Data provided -
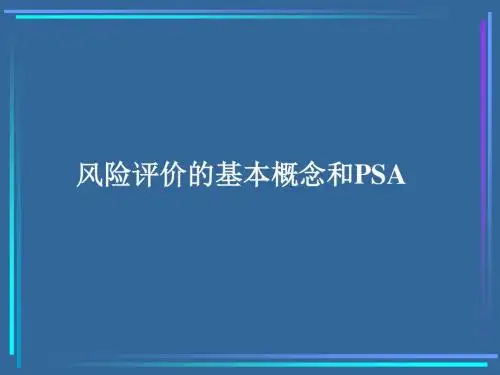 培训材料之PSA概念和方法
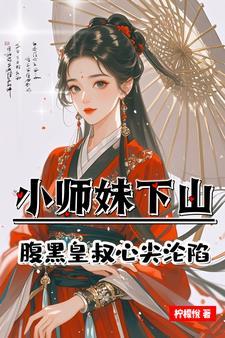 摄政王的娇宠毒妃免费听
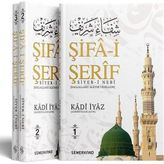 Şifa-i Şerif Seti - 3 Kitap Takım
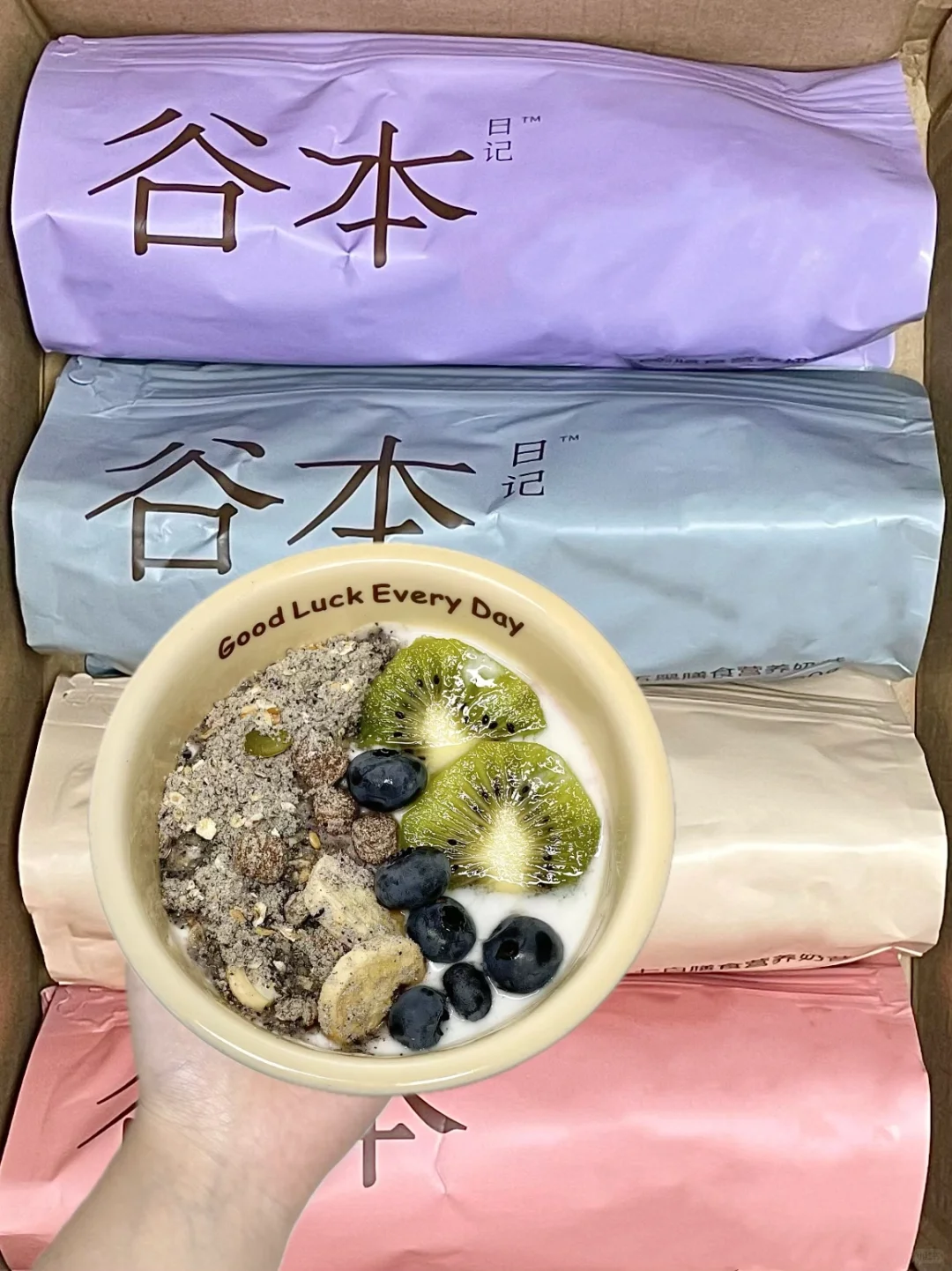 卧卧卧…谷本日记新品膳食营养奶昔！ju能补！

...

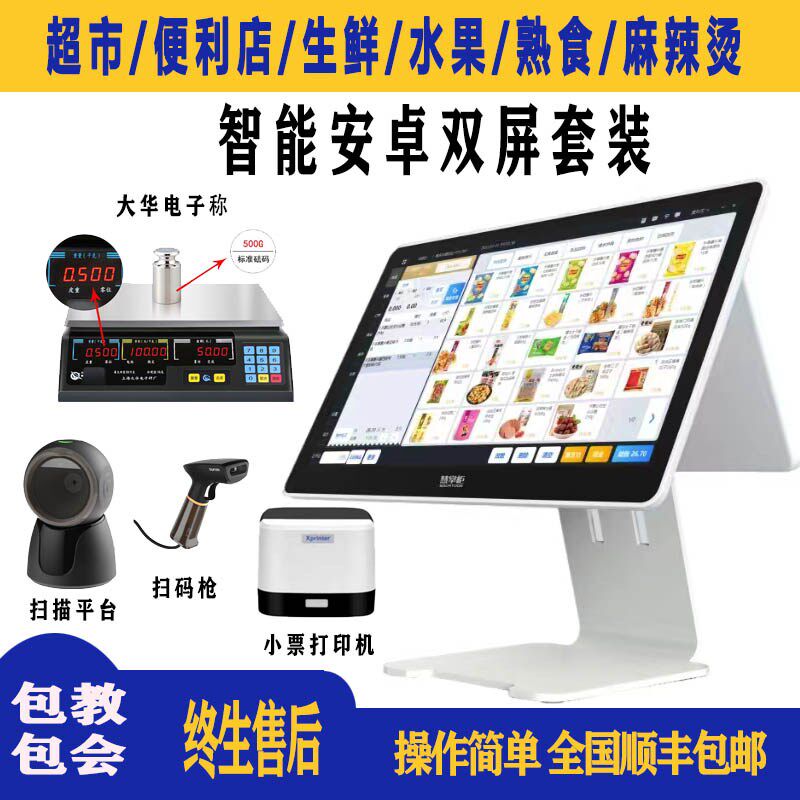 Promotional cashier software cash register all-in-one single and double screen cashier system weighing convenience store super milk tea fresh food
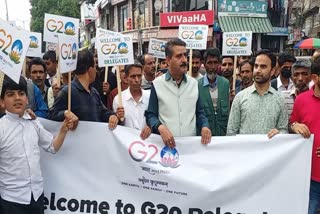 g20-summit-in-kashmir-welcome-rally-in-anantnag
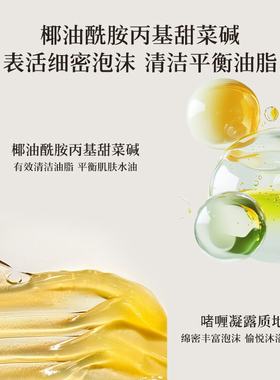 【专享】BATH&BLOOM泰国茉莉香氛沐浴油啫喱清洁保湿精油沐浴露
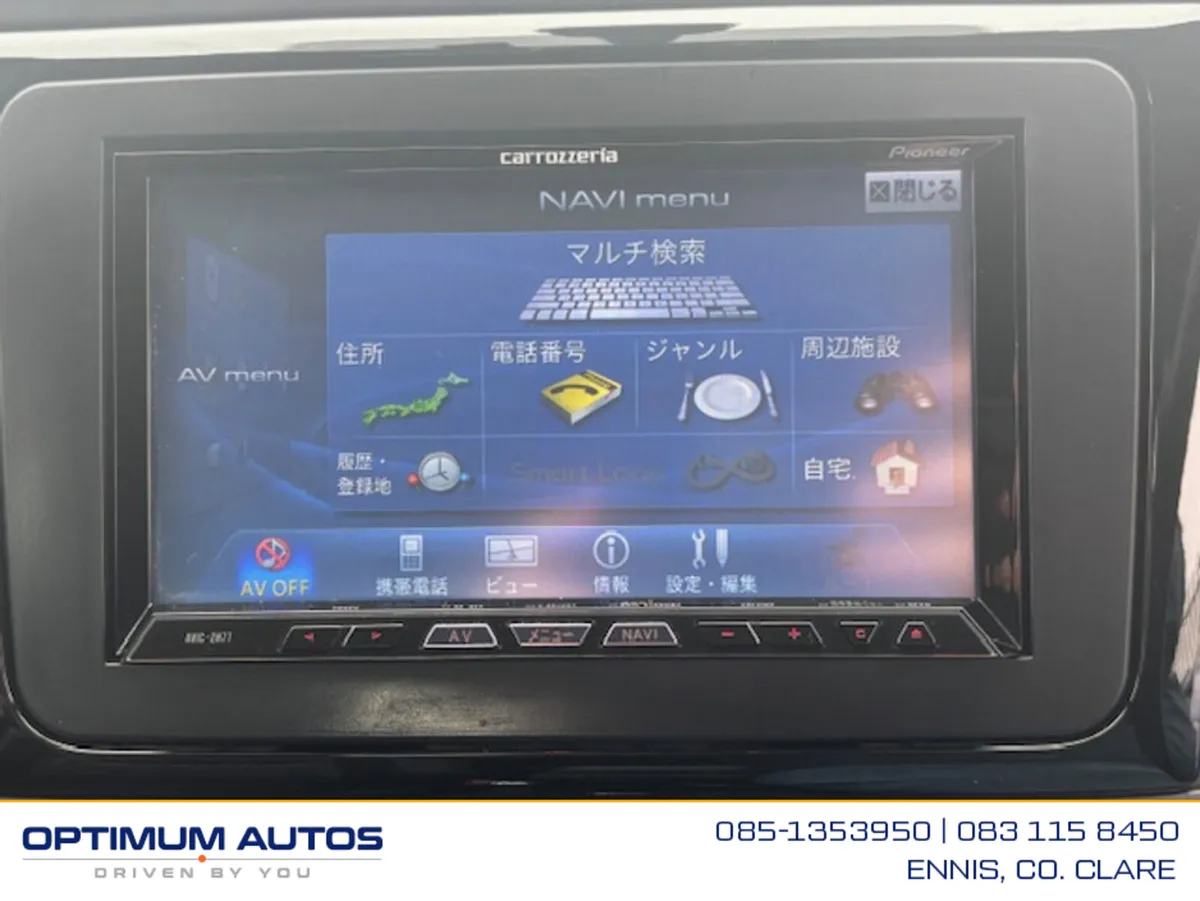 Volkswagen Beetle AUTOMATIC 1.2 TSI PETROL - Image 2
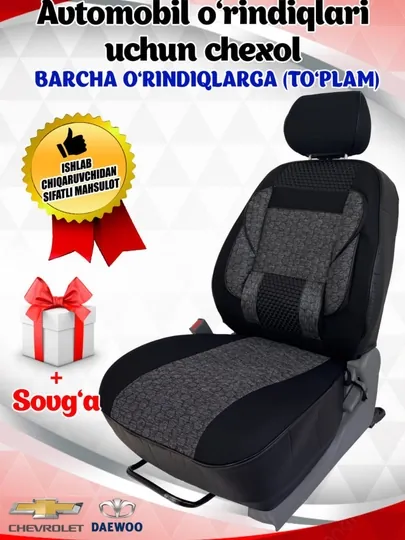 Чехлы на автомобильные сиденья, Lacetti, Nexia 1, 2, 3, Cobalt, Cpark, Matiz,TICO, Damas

What you should do - An exact copy is needed of the entries above, starting at the line that holds "摄政王的娇宠毒妃免费听" and stopping at the line that holds "卧卧卧…谷本日记新品膳食营养奶昔！ju能补！", both kept; pictures stay out.

Response to this exercise -
 摄政王的娇宠毒妃免费听
 Şifa-i Şerif Seti - 3 Kitap Takım
 卧卧卧…谷本日记新品膳食营养奶昔！ju能补！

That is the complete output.